At night, tree toads chirruped in the jungle. Sometimes they
crawled into our tent, along with lizards three or four feet long that looked like something out of a lost world.

Huge coconut crabs scraped across our floor at night, often dragging our shoes about. Rats as big as cats pilfered our belongings. One night, one of them chewed on Burney Tucker's thumb as he slept, after he inadvertently flung his hand outside his mosquito net.

It rained regularly. Everything was mildewed. You washed out your shirt in a bucket of water and hung it up in your tent to dry, and it stayed damp for a week. Our foxholes, although covered by the tent, seeped full of water.

One night during an air raid, I stood nude above my foxhole and shone my flashlight down into it. It was four feet deep in muddy water. Two rats had fallen in and were swimming about, unable to climb its straight slippery sides.

“I'm not jumping into that, bombs or no bombs,” I vowed. But when the bombs began to fall, I jumped in, all right, and thrashed about in the dark, beating off the rats as they tried to climb up my chest and back.

We had no night fighters at Munda then, so all we could do during raids was sit and hope our antiaircraft fire would knock the bombers down or scare them away.

Tired of these sleepless nights, Boyington requested permission to fly one night to try to knock off one of our nocturnal visitors. He took off at one o'clock one morning and stayed up for four hours. Enemy planes were all around us all night long. They'd close in when Boyington dropped down to get off of oxygen, and then circle away as he climbed to meet them. That night we had only one alert; no planes came close, no shots were fired, and no bombs were dropped.
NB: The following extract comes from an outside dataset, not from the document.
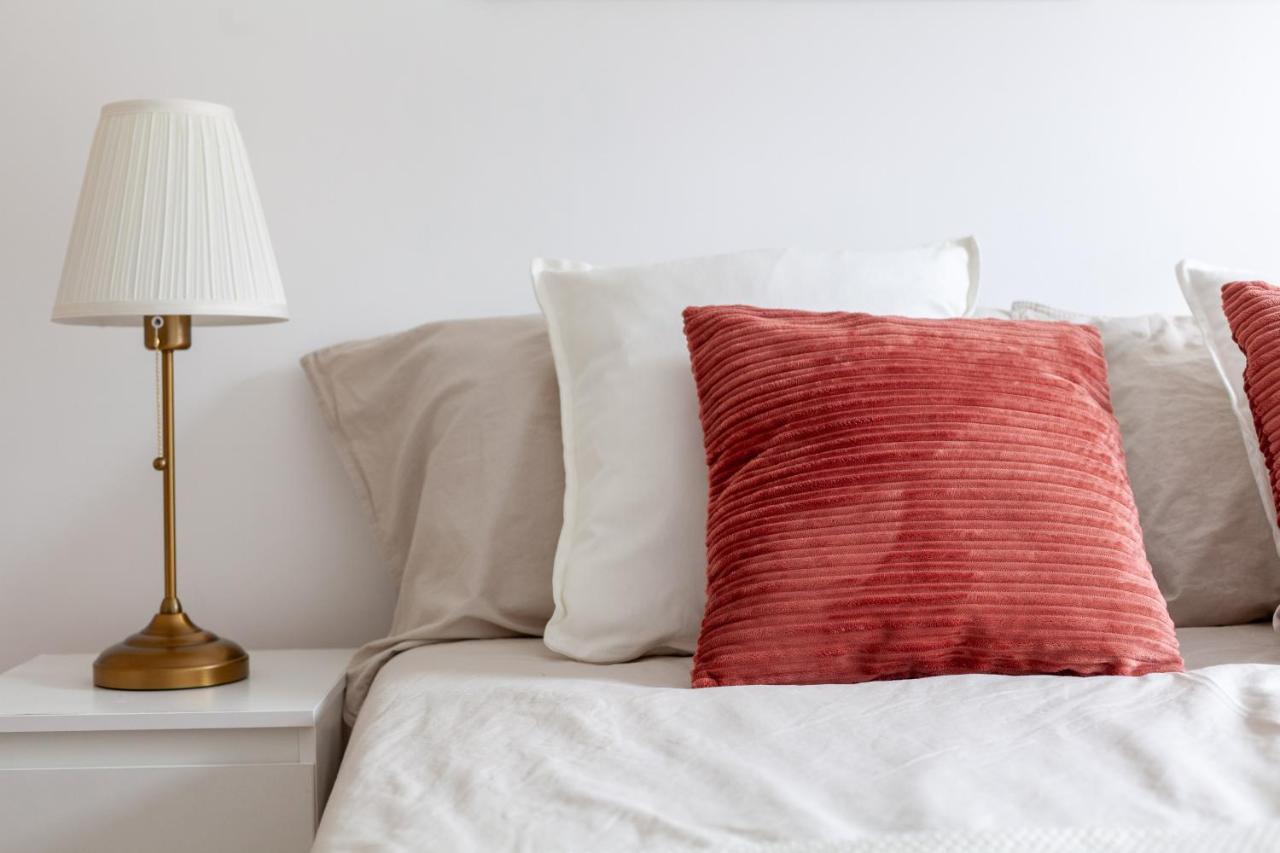 Arte Stays - 3-Bedroom Bright House London, Haggerston, Garden, Parking, 8 Min Walk To Haggerston Station, Weekly Or Monthly Stays, Serviced Accommodation - 7 Guests Buitenkant foto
A good many thousand men blessed Pappy for giving them the first uninterrupted night's sleep they'd had in a long time.

Boyington landed at 5:00
A.M.;
at 5:40 the sirens sounded. Four Black Sheep were among those scrambled to intercept the enemy; John Begert was knocked down by a bomb blast as he ran to get into his plane, but sustained only a few cuts, scratches, and bruises.

The other three Black Sheep and two pilots from another Marine squadron got off and were directed out on two separate courses. The other squadron's pilots sighted the enemy bomber, chased it for
75
miles, and shot it down.

We hoped that would slow up the air raids, but the next night we had an alert in the middle of evening Spam. We stumbled across the muddy clearing and sat down on our cots in our tent. No planes appeared; no searchlights went on.

“Let's go down and get our showers,” suggested Bailey.